Published on June 13, 2013
Reply by M. Jean-Marc Ayrault, Prime Minister, to a question in the National Assembly (excerpts)

Paris, June 12, 2013


On Friday, the agenda of the Foreign Affairs Council (Trade) will include the mandate given to the European Commission to embark on negotiations with the United States with a view to a free trade agreement.

France is clearly in favour of international trade and economic exchanges, provided rules are clearly stated.

There have already been other free trade agreements with other countries which have brought positive results for growth and employment, provided those agreements are negotiated on the basis of a principle to which France is strongly committed: fair exchange.

In this initial discussion between France and the United States, several points must be resolved. France was not alone in stating, for example, that national defence-related trade must be excluded. On this point, we obtained a first positive result.

Regarding agriculture, too, we succeeded in changing the European Commission’s stance in order to prepare the negotiation mandate. This is the case with the rejection of GMOs, animal cloning, beef hormones and many other points I won’t set out in detail here.

A crucial issue remains, which you recalled: that of France’s constant support for the cultural exception and for defending the cultural industries.
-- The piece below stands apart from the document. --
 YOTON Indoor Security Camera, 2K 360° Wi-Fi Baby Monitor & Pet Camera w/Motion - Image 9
France has always believed this essential issue must be excluded – as is already the case in our relations with Canada and Japan –, and what is possible with other countries must also be so for the United States.
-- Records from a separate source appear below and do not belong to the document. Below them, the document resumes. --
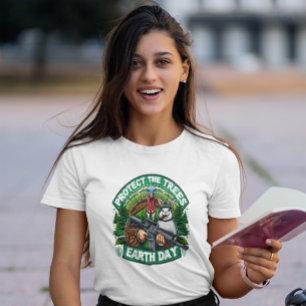 Bewaffnete Truthühner im Wilden Westen T-Shirt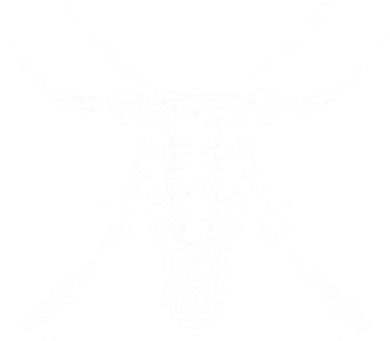 Skull With Crossed Guns And Horns Doggie Tank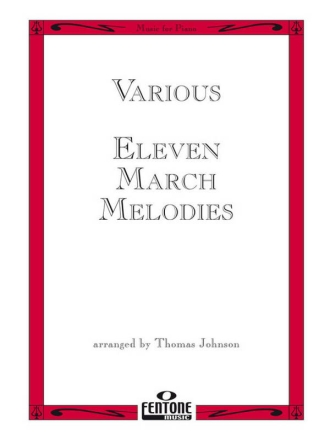 Eleven March Melodies Klavier Buch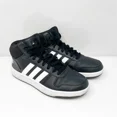 thumbnail image 2 of Adidas Mens Hoops 2.0 FY8618 Black Casual Shoes Sneakers Size 6.5, 2 of 6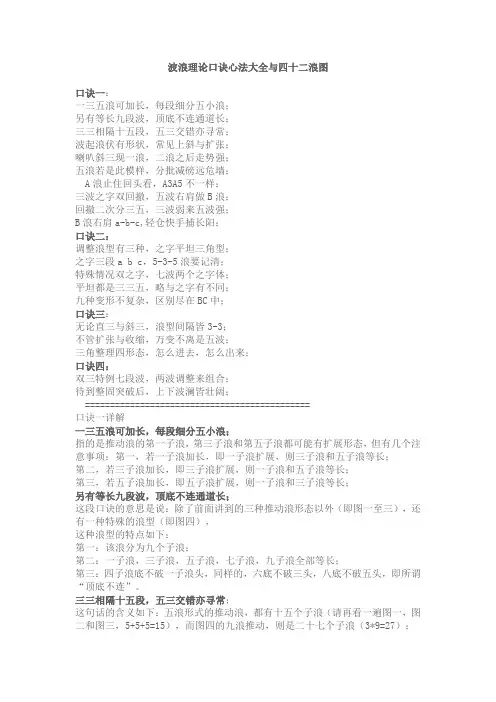 波浪理论口诀心法大全与四十二浪图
We’re fighting, and we’ll always fight to defend cultural diversity.

In this fight, we’re not alone. The President, Culture Minister Aurélie Filippetti, Foreign Trade Minister Nicole Bricq, Foreign Minister Laurent Fabius and Minister Delegate for European Affairs Thierry Repentin have constantly intensified contacts to secure this exclusion from the negotiation.

Fourteen European culture ministers have even signed an appeal on this point. As you recalled, the European Parliament made a statement to the same effect.
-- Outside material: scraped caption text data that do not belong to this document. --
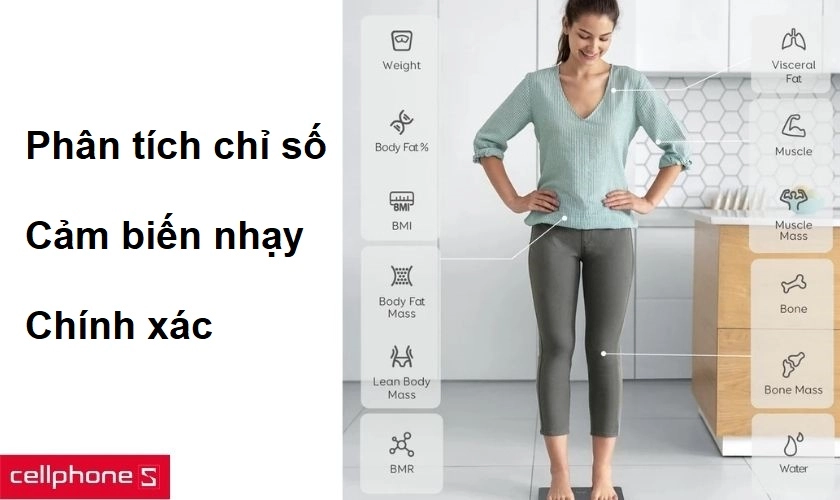 Cảm biến siêu nhạy cho kết quả nhanh chóng và phân tích cân nặng người dùng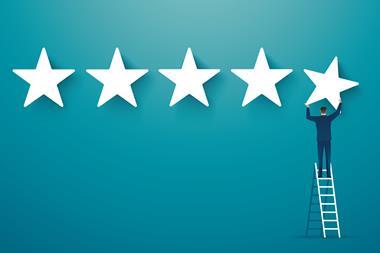 five star, rating, blue background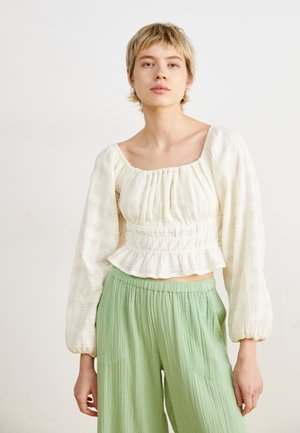 Roxy CRYSTAL SESSION - Blusa - egret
The question is simple. What mandate will Mme Nicole Bricq – who will be representing France at the European Council on Friday – have from the government? That mandate is clear, and France will oppose the opening of negotiations if the cultural industries are not protected – that is, excluded from the negotiations. France will go as far as to use her right of political veto.

It’s our identity; it’s our battle. We’re not alone, but spearheading it, with Parliament’s support./.